We also are not given information about the differences that race and class make in the emerging adult cohort. The recent discussion engendered by Charles Murray's Coming Apart would lead one to think that class divisions may well have a lot to do with this story, and we have long debated the disparities in family life between various racial groups. But Smith and his co-authors defer these kinds of questions, saying that others should study them later.

Some might also wonder if this is not a story that is often repeated through history: youths cut loose from the strictures of home go off to sow their wild oats. Then some reality of life (getting married, having children, etc.) sobers them, sometimes literally. Perhaps these nihilistic, hedonistic drifters will settle down someday.

Lost in Transition closes with the most surprising chapter of the book, one that demonstrates how utterly uninterested most emerging adults are in politics. I have to confess that I felt some ambivalence about this chapter; greater political involvement is normally good for the republic, but comparing it to the disturbing sexual practices of the previous chapter seemed a jarring juxtaposition.
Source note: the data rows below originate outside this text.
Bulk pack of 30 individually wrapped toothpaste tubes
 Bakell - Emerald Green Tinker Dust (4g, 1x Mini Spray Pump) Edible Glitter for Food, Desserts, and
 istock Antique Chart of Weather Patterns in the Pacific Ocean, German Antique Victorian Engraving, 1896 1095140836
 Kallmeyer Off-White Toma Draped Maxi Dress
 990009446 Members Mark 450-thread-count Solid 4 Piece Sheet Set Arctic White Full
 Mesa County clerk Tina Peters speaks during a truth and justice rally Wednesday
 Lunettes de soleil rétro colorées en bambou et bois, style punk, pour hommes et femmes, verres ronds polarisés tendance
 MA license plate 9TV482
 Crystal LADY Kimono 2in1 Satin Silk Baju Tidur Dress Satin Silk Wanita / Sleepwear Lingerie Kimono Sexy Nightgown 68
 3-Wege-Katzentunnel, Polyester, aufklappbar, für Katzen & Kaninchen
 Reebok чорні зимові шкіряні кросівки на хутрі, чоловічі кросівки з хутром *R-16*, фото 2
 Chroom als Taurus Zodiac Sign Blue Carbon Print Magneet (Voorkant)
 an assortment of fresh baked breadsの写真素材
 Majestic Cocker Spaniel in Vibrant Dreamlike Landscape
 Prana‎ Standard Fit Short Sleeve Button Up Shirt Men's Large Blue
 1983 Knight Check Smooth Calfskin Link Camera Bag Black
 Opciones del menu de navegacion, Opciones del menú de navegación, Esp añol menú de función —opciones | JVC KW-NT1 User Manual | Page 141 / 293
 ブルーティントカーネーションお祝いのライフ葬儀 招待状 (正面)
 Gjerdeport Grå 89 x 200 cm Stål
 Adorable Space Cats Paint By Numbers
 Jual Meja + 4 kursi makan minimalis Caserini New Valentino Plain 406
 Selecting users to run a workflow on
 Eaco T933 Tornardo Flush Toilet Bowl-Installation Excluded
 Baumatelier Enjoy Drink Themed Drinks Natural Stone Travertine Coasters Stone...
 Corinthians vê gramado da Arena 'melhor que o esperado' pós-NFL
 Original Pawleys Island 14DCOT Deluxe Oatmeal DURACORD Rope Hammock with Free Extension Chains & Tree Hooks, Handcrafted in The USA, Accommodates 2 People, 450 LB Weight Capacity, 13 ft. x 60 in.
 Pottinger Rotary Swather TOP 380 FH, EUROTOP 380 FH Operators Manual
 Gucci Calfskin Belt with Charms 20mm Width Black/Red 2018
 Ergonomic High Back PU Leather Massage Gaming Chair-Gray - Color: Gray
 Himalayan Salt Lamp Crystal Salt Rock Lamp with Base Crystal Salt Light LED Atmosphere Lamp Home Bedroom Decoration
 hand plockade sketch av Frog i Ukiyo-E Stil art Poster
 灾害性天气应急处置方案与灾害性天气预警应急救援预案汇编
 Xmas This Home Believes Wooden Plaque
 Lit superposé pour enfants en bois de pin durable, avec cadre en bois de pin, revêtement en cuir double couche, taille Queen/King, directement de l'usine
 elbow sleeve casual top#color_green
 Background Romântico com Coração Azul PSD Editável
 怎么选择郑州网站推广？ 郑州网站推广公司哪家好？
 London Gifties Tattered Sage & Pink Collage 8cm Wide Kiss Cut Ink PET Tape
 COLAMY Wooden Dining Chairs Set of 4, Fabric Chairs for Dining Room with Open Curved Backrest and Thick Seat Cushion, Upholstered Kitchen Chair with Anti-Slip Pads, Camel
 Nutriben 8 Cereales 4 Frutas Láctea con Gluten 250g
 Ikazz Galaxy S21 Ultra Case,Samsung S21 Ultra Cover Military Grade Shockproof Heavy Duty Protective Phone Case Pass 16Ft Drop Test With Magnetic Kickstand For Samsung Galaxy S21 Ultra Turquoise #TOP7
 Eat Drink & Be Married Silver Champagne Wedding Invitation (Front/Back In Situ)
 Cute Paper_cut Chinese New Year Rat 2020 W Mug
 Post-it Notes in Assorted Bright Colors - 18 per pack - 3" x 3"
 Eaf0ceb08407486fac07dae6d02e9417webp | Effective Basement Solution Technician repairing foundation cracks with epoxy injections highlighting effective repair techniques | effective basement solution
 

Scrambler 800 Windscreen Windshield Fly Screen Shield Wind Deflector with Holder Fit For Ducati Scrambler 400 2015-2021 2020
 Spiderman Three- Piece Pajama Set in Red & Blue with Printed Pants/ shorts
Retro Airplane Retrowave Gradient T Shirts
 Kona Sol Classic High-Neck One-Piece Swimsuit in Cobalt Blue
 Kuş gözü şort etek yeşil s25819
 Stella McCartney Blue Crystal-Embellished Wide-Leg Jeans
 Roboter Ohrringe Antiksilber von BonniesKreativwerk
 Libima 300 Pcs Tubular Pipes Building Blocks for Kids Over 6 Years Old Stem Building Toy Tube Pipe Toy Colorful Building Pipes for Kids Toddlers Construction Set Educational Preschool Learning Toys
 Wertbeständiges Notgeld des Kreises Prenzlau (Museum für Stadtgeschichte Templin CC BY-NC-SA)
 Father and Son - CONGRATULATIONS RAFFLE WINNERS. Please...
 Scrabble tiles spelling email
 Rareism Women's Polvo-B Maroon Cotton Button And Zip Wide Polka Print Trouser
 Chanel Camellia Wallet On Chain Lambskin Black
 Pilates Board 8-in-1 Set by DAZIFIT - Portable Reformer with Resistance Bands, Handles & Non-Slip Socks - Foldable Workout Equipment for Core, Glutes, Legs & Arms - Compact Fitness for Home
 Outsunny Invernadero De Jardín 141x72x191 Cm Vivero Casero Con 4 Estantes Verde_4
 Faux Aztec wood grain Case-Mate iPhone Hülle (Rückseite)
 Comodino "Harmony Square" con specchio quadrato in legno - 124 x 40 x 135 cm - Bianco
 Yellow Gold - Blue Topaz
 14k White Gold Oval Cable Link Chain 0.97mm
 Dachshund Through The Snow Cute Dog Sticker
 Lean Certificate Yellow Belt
And—may I say it?—I do not find it especially troubling that Smith's emerging adults do not vote, if they are truly ignorant of political news and issues, and unprepared to assess with any moral clarity the political challenges we face.

Judiciously, Smith and his co-authors offer almost no practical solutions to help today's teenagers become more ethically adept than this cohort of college age adults. Even his tentative proposals—better moral education in high schools?—seem nearly hopeless. But parents and pastors sure ought to think about a solution; the average American teenager's cultural diet of school, media, sports, and/or church is not preparing them to emerge as morally capable adults.